Cash Flow High, Cash Flow Low

Updated June 1, 2022

A long time ago when I was first starting out in my career, an entrepreneur friend of mine told me about cash flow. “Cash flow is both your friend and your enemy,” he said. “It’s the angry gorilla at the door one day, then a beautiful spring morning the next.” At the time I was too novice and full of my own ambitions to really appreciate what he was saying.  Since then I’ve grown up a little and faced the challenges myself of how cash flow swings can make or ruin your day. Eventually I came to understand that if you don’t have a good handle on your cash flow in business, you’re in deep trouble.

Project Cash Flow

So, what does cash flow really mean? It seems so obvious on the surface: you have income and expenses, and cash flow is simply the intersection of the two.  While this is fundamentally true, it’s a bit more complicated than that. Put simply, it’s the term used to define the highs and lows of available money as it flows in and out of a business or project (Wikipedia has a good description of cash flow). The big challenge with cash flow, however, is knowing when it’s going to be high and when it’s going to be low. It’s rare that there is a uniform, predictable ebb and flow of cash in any business, so having good information and tools to be able to calculate when those winters and summers are likely going to be, is crucial.
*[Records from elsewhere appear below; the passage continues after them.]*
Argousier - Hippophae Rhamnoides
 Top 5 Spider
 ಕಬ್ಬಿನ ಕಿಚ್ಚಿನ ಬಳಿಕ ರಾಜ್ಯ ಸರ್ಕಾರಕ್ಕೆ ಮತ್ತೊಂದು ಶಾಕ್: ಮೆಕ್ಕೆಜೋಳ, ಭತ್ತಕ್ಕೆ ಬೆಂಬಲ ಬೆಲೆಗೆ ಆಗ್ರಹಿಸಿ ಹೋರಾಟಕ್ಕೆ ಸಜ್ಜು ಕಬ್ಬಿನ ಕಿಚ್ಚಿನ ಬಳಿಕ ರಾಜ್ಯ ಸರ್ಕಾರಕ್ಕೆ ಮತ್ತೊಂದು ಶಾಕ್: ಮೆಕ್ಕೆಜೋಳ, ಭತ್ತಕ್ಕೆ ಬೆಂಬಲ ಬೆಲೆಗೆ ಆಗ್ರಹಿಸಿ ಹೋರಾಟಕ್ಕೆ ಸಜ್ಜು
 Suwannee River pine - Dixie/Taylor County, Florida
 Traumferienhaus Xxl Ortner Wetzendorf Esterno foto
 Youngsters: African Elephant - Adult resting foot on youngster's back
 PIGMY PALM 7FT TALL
This is especially true of project-based organizations.  When a contractor executes on a project, they will incur costs throughout the project and get reimbursed at certain milestones or billing cycles. There may even be times when there is a heavy upfront investment in materials or equipment, for example, that can take weeks or months to be fully reimbursed for – even if there’s an advance payment from the client.  Even just covering payroll until receiving payments on invoices can send a company in the red for months into a project before breaking even.  On top of that, having multiple projects on the go at the same time can further complicate the visibility into the overall corporate cash flow picture. Having a good read on how & when the money coming in from one project can help pay for the money going out on another project, can make or break a cash position.

Using Debt to Compensate for Cash Flow

When bidding on projects, there can be an amount of uncertainty that project managers and business owners struggle with if they’re not 100% confident they can actually afford to execute on that project until being fully reimbursed. This is such a common problem, that there has been an explosion of private debt financing companies that have emerged to offer a cushion to these project-businesses while they weather those uncertain days.  Securing debt financing can obviously be a saviour for many businesses, but when taking advantage of a service like that, it’s critical for a business to have a solid handle on their current and historical cash flow so that they can: a) get a favorable rate and b) they can be sure it can be paid back while still being profitable.  An even bigger question is, maybe they didn’t need financing in the first place. Many businesses get stuck in the rut of becoming too reliant on debt because they’re just not sure if they can cover the costs. And they’re not sure because they don’t have a good handle on their cash flow.

Project Cash Flow Forecasts

As a project cost management software solution, 4castplus has been designed to represent all project finances in terms of how they flow in and out of the project.  It is intrinsically built around cash flow. This includes all revenue and expenses, which can be accounts payable, accounts receivable, payroll, budgets, forecasts, progress, etc.  Fundamental to any project controls software, 4castplus merges the project budget with the project schedule, as a default behavior, to visualize the budget over a timeline.  

Project Cash Flow

Further to this, users can override the underlying schedule by applying “Time Phasing” algorithms to any workpackage, resource or collection of resources. Time phasing is the process of planning any item’s cost according to its anticipated cash flow. For example, if a subcontractor is going to be paid in 4 unequal milestones, with 60-day payment terms; that can be represented in the spend forecast through time-phasing. This would override the default prorated, linear spend forecast derived from the schedule.

The chart in figure 1 below shows a project budget curve (in blue) alongside the actual cost (yellow) and estimate to complete (green). By providing visibility into the budgeted cash flow compared with the actual cost, users can get a clear picture of how the projected spend will play out. 4castplus also provides accounts receivable cash flow to visualize the intersection of cost and revenue to forecast a cash flow picture, giving the ability to anticipate where the project’s cash position is going to be at certain points in the future.

Project spend forecast with budget, actual and etc
4castplus project spend forecast with budget, actual and estimate to complete

Anticipate Cash Position

That ability to anticipate – to foresee when the highs and lows are going to appear, along with how high and how low they’re going to be – is one of the most vital financial tools a company could possess. This is of course coupled with the solid financial metrics on where the project is at now, and where it’s trended historically. These 3-tiers of cash flow reporting provide a clear picture of a well-run organization.